__Brief__:
In the records below, find the line containing "Image result for 9 Weeks 5 Days Ultrasound" and the line containing "Choáng váng với". Give again exactly those lines and every line between them, omitting the pictures.

__Data under study__:

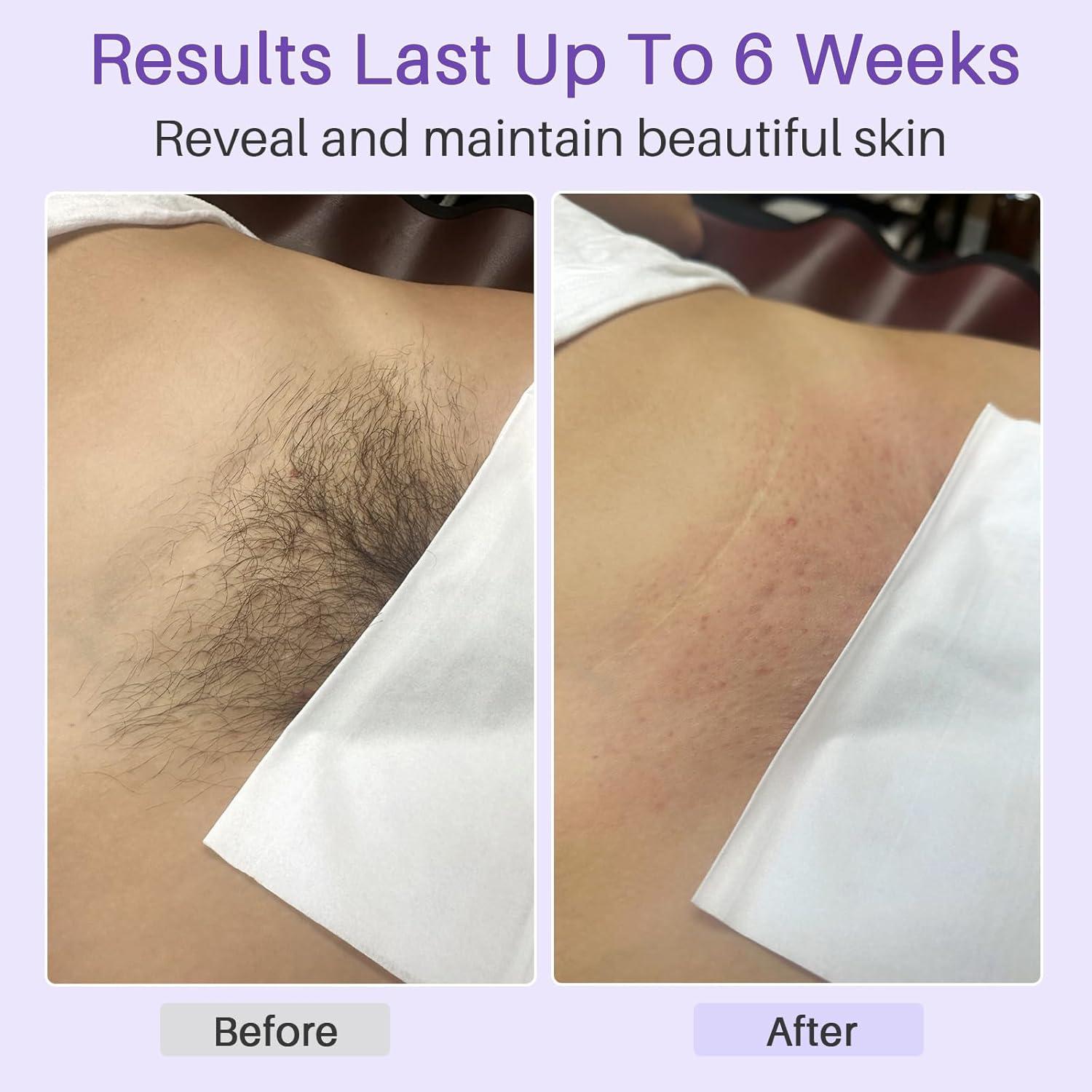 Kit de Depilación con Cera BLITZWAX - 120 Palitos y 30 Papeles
--
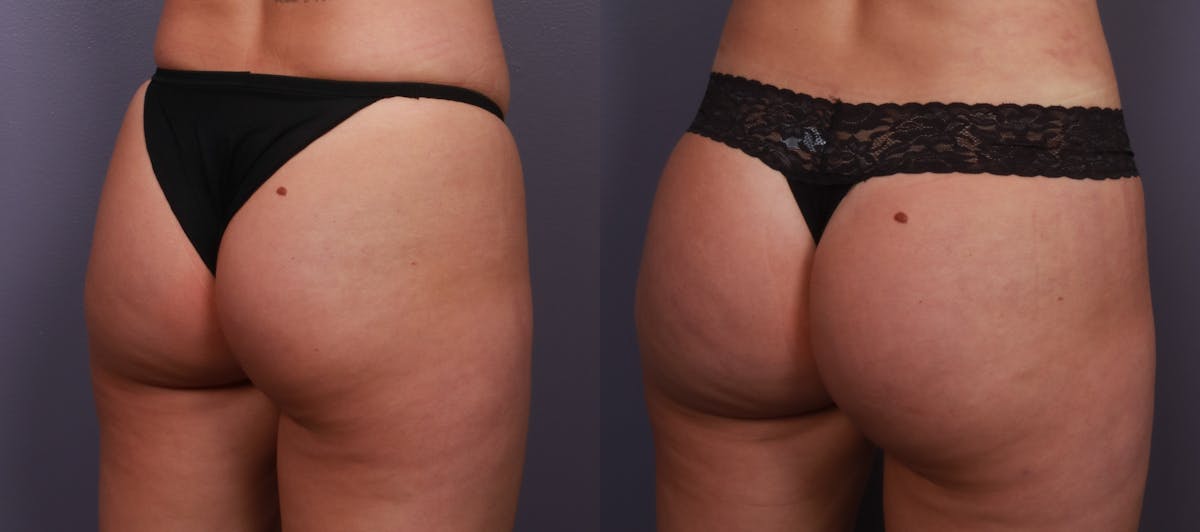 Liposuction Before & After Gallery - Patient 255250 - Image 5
--
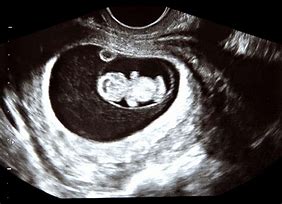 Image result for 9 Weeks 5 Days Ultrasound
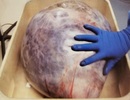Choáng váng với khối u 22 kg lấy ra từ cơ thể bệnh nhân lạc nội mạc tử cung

__Written solution__:
 Image result for 9 Weeks 5 Days Ultrasound
Choáng váng với khối u 22 kg lấy ra từ cơ thể bệnh nhân lạc nội mạc tử cung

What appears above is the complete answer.